**Data provided**
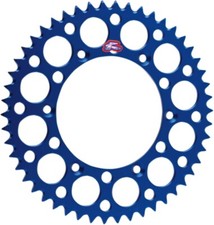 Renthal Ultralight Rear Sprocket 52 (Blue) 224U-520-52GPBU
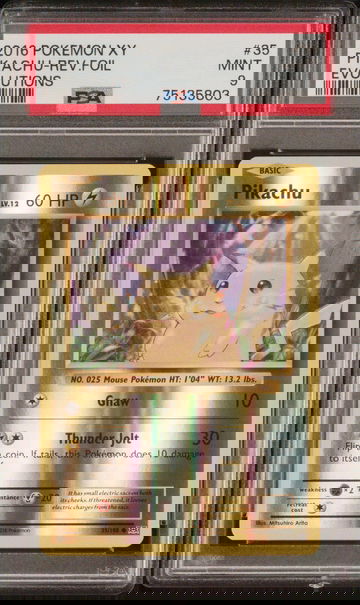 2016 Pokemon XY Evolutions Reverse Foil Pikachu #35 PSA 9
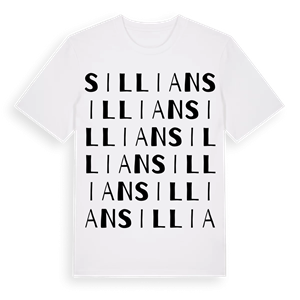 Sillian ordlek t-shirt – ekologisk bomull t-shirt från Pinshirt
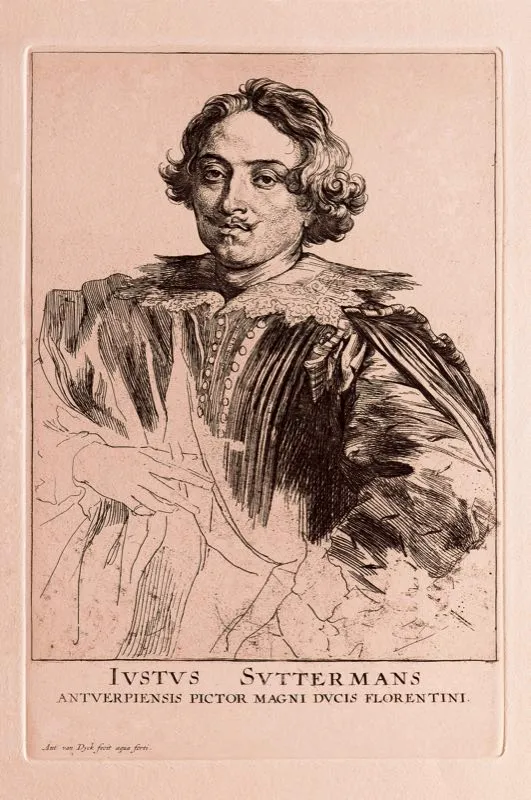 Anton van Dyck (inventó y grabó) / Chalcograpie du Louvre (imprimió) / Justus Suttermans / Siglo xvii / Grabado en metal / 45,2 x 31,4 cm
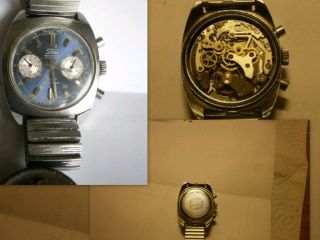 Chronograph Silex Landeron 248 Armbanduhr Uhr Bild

* * *

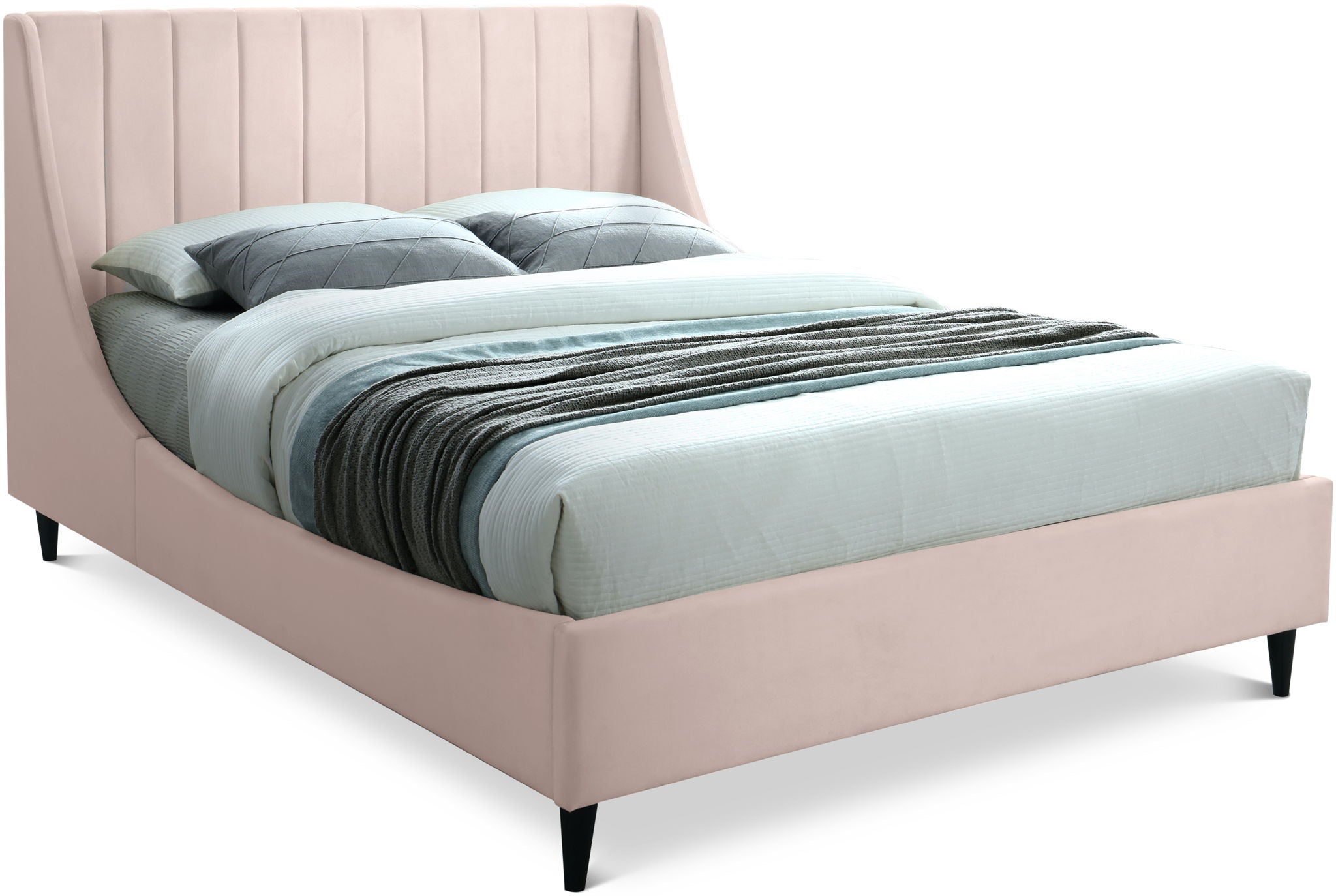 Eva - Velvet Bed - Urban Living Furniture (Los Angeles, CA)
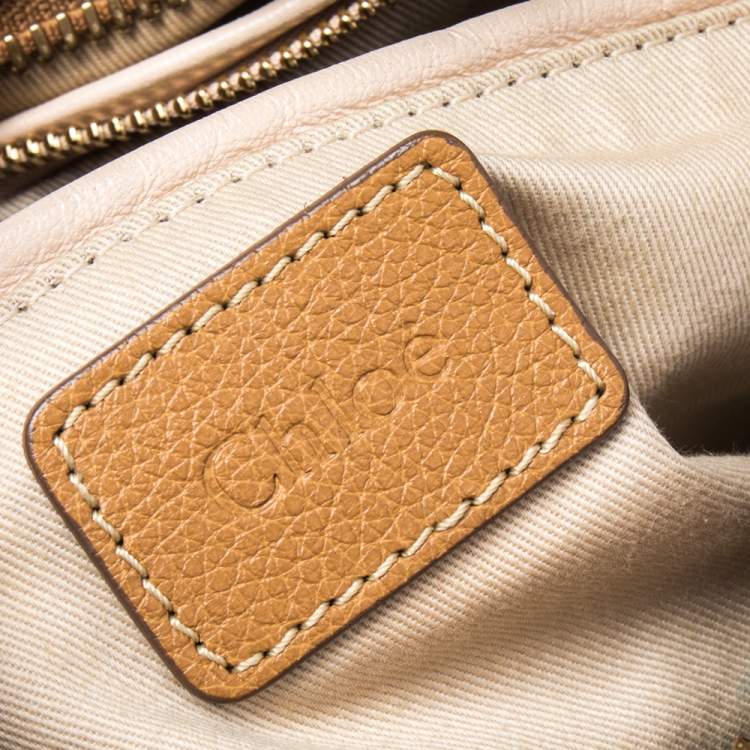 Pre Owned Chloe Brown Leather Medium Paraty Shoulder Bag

**Exercise prompt**
Within the listing above, write out the stretch from the line with "Renthal Ultralight Rear" through the line with "Chronograph Silex Landeron" exactly. Any pictures are to be left out.

**Task response**
 Renthal Ultralight Rear Sprocket 52 (Blue) 224U-520-52GPBU
 2016 Pokemon XY Evolutions Reverse Foil Pikachu #35 PSA 9
 Sillian ordlek t-shirt – ekologisk bomull t-shirt från Pinshirt
 Anton van Dyck (inventó y grabó) / Chalcograpie du Louvre (imprimió) / Justus Suttermans / Siglo xvii / Grabado en metal / 45,2 x 31,4 cm
 Chronograph Silex Landeron 248 Armbanduhr Uhr Bild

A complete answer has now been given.